HARI 47

23 6 5
                                    


TERIAKAN PENUH AMARAH

"Buat apa mereka datang ke makam Mami? Ingin pamer kemesraan? Ingin memamerkan kebahagian mereka di depan Mami, hah?" Grace meremas kedua tangan lebih kencang.

Di dalam bayangannya, Marta tersenyum bahagia campur kemenangan menatap nisan Maria. Memeluk mesra lengan kekar Peter.

Amarah makin menghimpit dada Grace, membuat oksigen sulit masuk ke lorong pernafasan.

"Kita pulang," pemberitahuan Mahesa, memecahkan gelembung imajinasi Grace yang hanya membuat gadis itu sesak.

Grace menggeleng. "Bukan kita yang pulang, tapi mereka," lanjutnya geram, sambil membuka pintu mobil. Grace akan melakukan apa yang ada dalam pikirannya.

Seakan sudah tahu apa yang ingin gadis itu lakukan. Mahesa segera menangkap lengan Grace, menahan. Grace menepis genggaman tangan Mahesa, namun cengkeraman pria itu lebih kuat.

"Lepas, Mahesa!" desis Grace menahan amarah yang makin mengebu-ngebu. Dia akan melampiaskan amarah ke orang-orang yang tepat dan berhak mendapatkan amarahnya yang sudah tertampung selama bertahun-tahun.

"Jangan, Grace! Mereka nggak sesuai apa yang kamu pikirkan!"

"LAPASIN! MEREKA HARUS PERGI DARI MAKAM MAMI! MAMI JUGA NGGAK SUDI TERIMA PARA PENGKHIANAT!" teriak Grace berang. Menepis lebih kuat hingga tangan Mahesa terlepas dari lengan Grace.
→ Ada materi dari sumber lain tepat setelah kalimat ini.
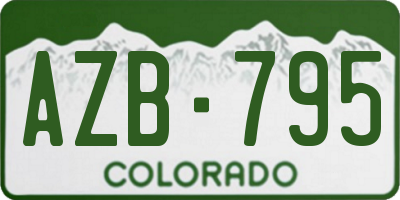 CO license plate AZB795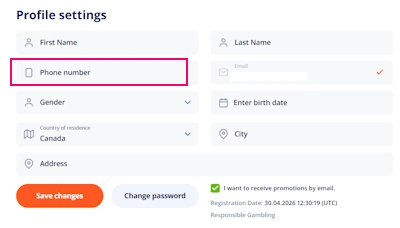 V.Vegas Casino profile section and phone verification there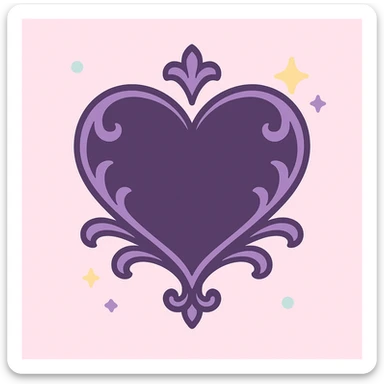 gothic heart with cute sparkles, kawaii style, ornate, dark, elegant sticker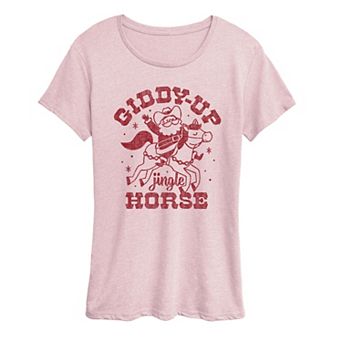 Women's Giddy Up Jingle Horse Christmas Graphic Tee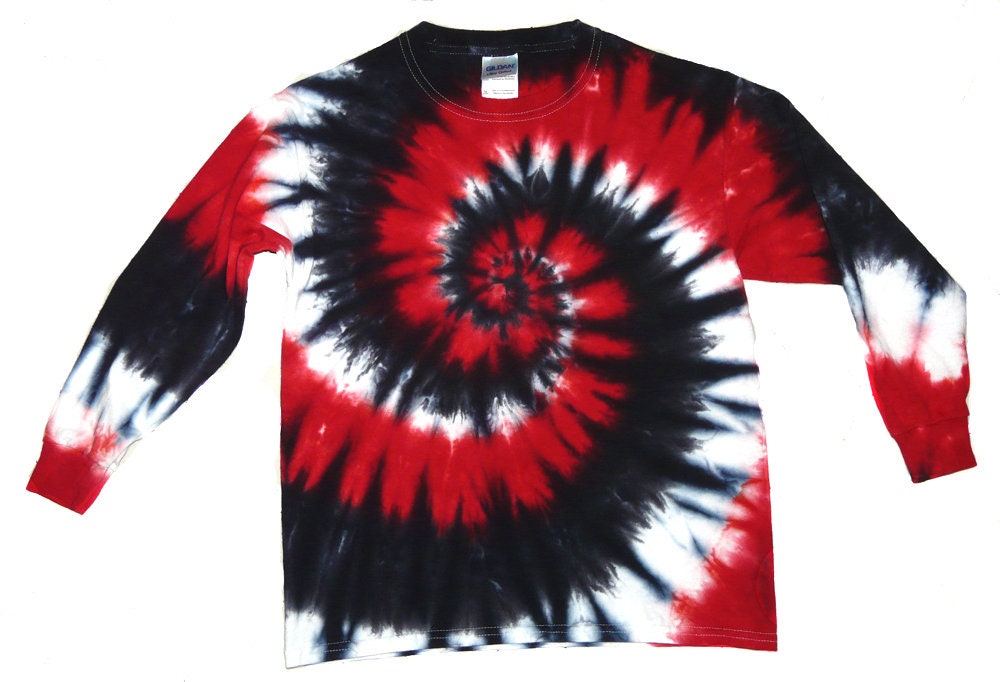 Red, White, and Black Spiral Tie-Dye Shirt Unisex Adult Short or Long Sleeve Tee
"GRACE!" teriak Mahesa mencoba untuk menghentikan Grace 'meledakan' isi kepalanya yang penuh kebencian itu.

Sayangnya, Grace sudah tidak bisa kendalikan. Grace bagai anjing galak yang sudah tak betah berada kandangnya. Saat dia dikeluarkan dia ingin melakukan apa yang dia mau.

Amarah meluap hanya karena percaya dengan imajinasinya yang belum tentu sesuai dengan kenyataan.

"PERGI KALIAN DARI MAKAM MAMI!" teriak Grace menggelegar. Tidak peduli beberapa orang menatapnya dengan kaget dan merasa terganggu.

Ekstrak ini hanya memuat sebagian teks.